From the line below that contains "Penzeys Choose Love" to the line that contains "VIKENZA Tank Top - Black", repeat every line exactly, both ends included, and nothing else.

- Input data -
****************
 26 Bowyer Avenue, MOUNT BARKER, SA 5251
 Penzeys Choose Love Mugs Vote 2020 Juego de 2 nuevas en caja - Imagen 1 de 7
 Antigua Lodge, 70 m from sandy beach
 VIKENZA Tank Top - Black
****************
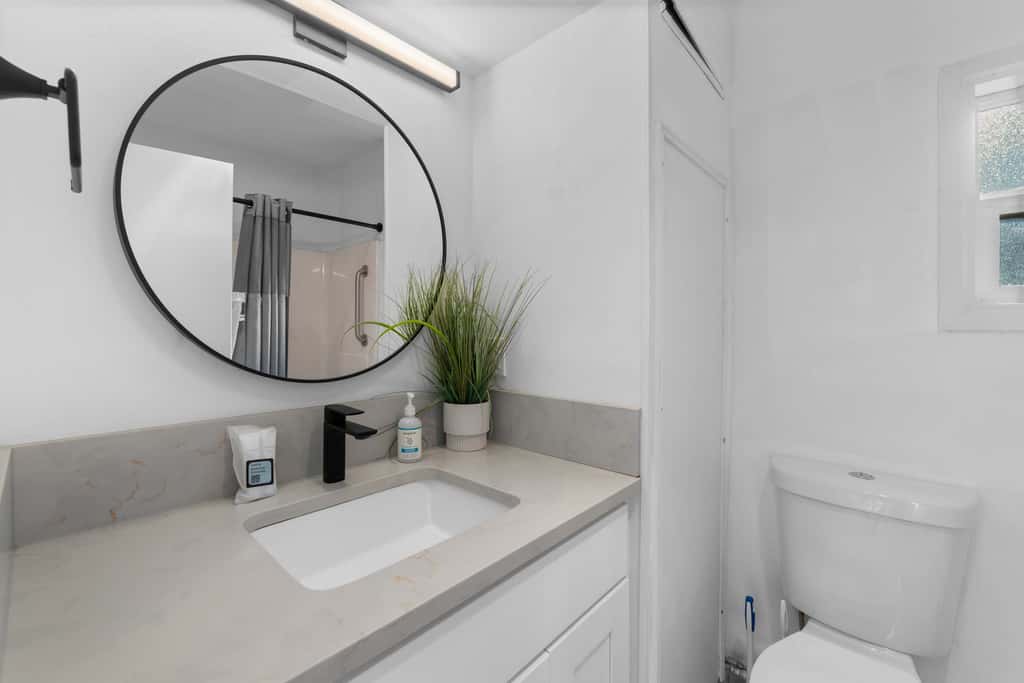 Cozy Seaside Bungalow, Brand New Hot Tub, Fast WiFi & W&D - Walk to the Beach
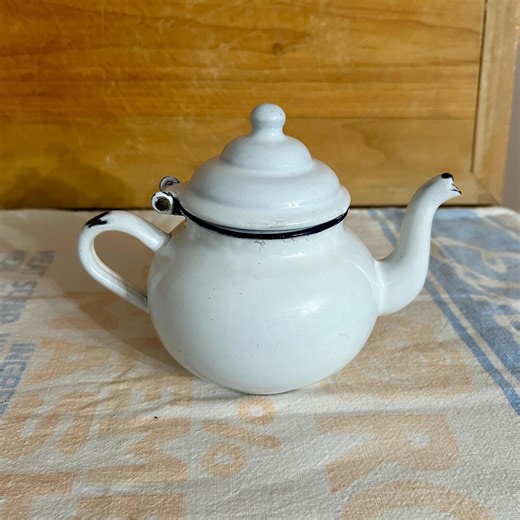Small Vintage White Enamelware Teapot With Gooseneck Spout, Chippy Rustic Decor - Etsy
****************
- Result of the task -
 Penzeys Choose Love Mugs Vote 2020 Juego de 2 nuevas en caja - Imagen 1 de 7
 Antigua Lodge, 70 m from sandy beach
 VIKENZA Tank Top - Black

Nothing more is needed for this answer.